Exercise description:
The required output is the exact run of lines in the listing below from the line holding "Connecticut Heritage Illustrated" through the line holding "Le nacieron hijos", with no pictures.

BEGIN Exercise material

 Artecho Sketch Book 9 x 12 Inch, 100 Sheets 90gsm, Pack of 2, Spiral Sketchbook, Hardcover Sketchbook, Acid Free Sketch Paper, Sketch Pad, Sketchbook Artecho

END Exercise material
BEGIN Exercise material

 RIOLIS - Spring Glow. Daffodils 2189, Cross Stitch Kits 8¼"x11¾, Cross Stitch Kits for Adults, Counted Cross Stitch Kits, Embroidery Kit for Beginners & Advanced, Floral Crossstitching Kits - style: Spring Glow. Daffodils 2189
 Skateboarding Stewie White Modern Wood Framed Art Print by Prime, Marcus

END Exercise material
BEGIN Exercise material

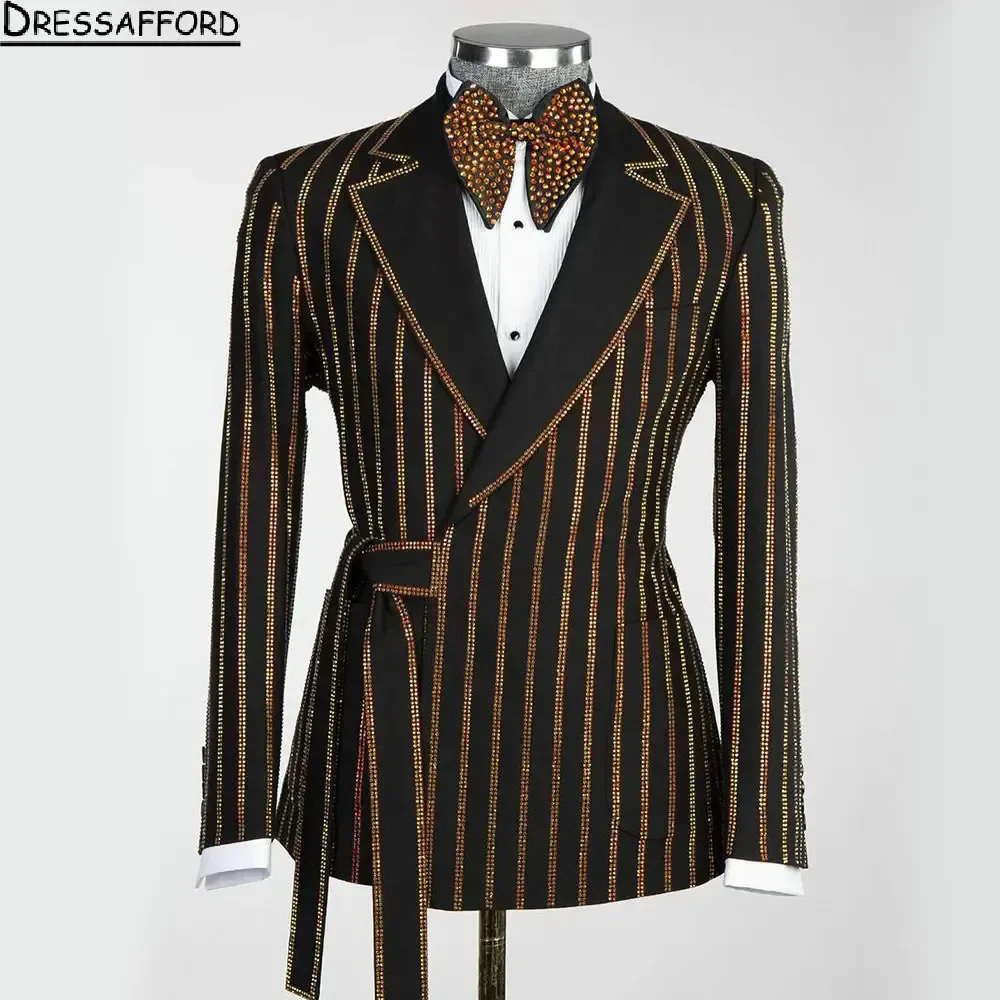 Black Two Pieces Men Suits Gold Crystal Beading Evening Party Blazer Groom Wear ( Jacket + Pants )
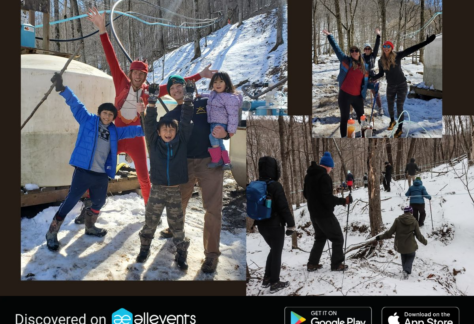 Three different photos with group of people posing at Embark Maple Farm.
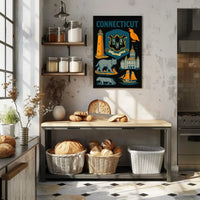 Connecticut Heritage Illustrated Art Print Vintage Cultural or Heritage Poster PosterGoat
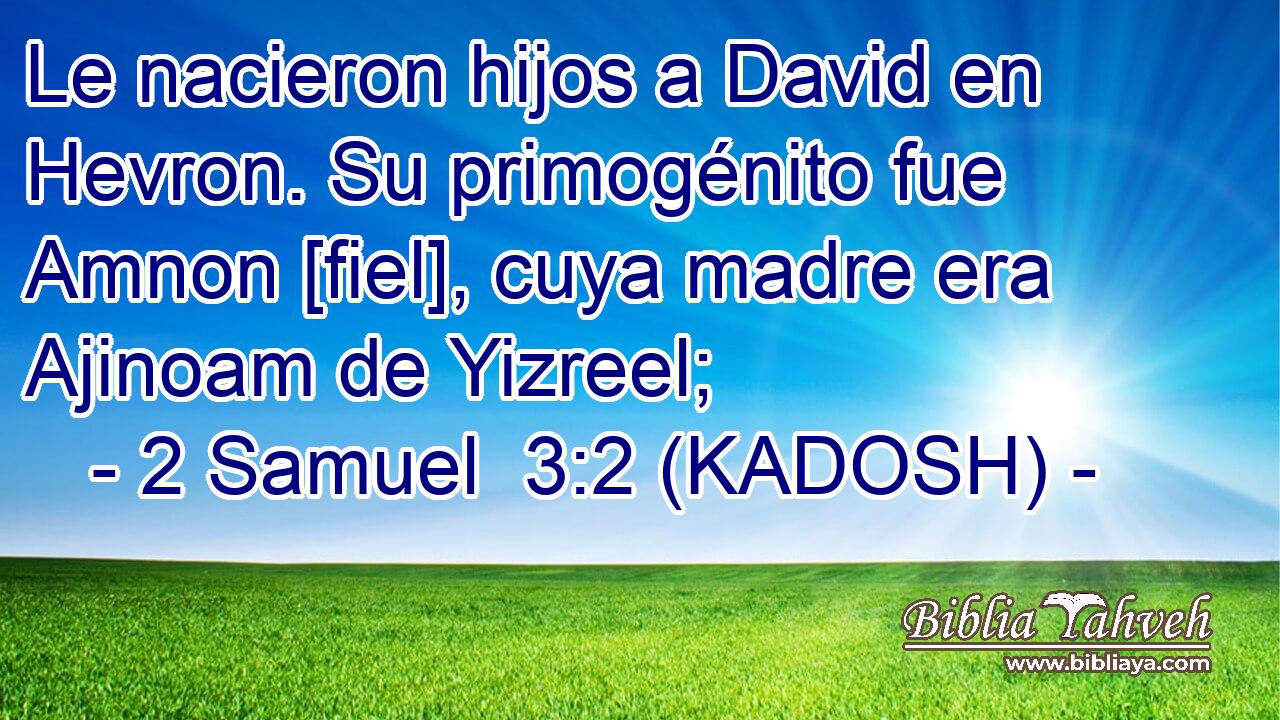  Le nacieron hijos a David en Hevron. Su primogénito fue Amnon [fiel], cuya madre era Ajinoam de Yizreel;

END Exercise material

Response to this task:
 Connecticut Heritage Illustrated Art Print Vintage Cultural or Heritage Poster PosterGoat
  Le nacieron hijos a David en Hevron. Su primogénito fue Amnon [fiel], cuya madre era Ajinoam de Yizreel;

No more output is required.